_WHAT YOU NEED TO DO:_ This exercise requires an exact output of the listing, images omitted.

_EXERCISE DATA:_
+-------+

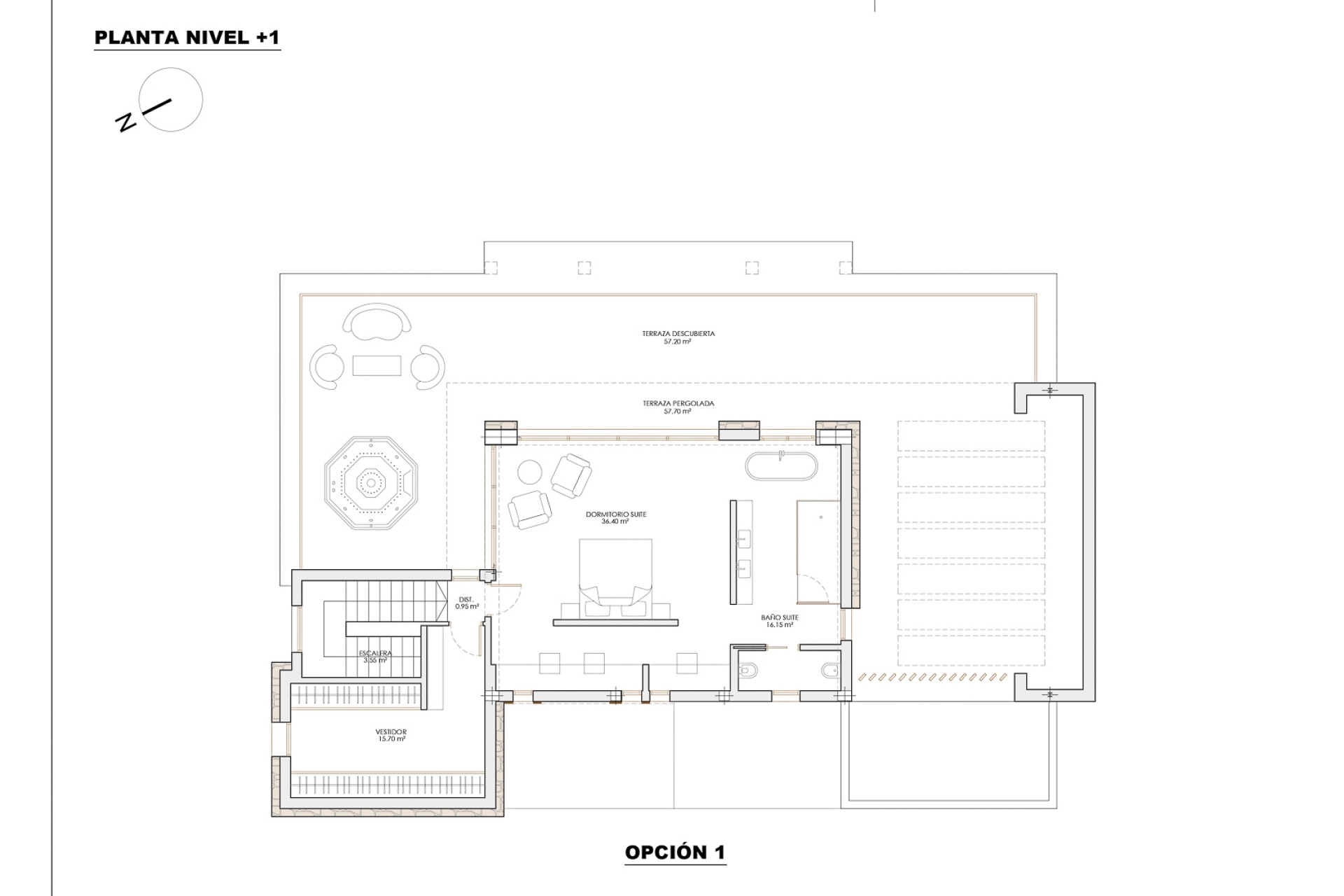 Nueva construcción  - Villa -
Altea - Altea Hills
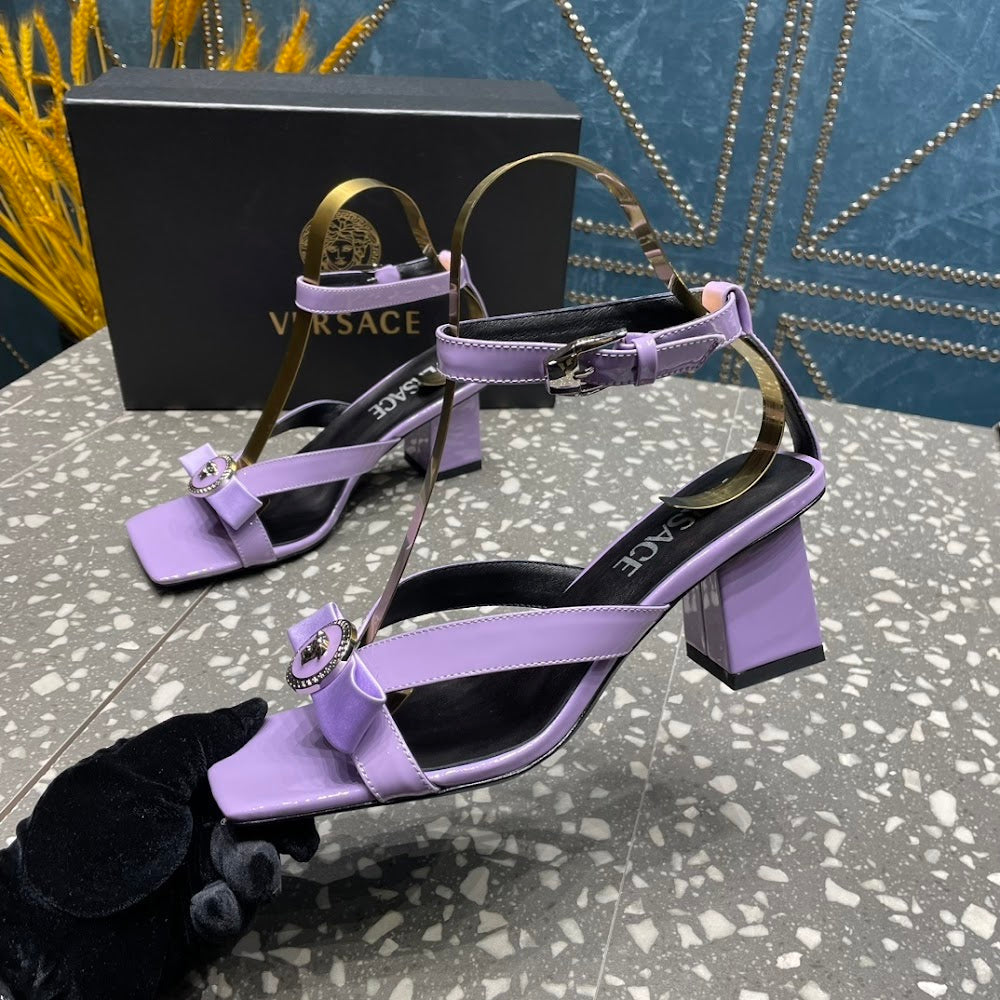 Dragons Bags Versace Luxury Heels --50937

+-------+

_SOLUTION TO THE EXERCISE:_
 Nueva construcción  - Villa -
Altea - Altea Hills
 Dragons Bags Versace Luxury Heels --50937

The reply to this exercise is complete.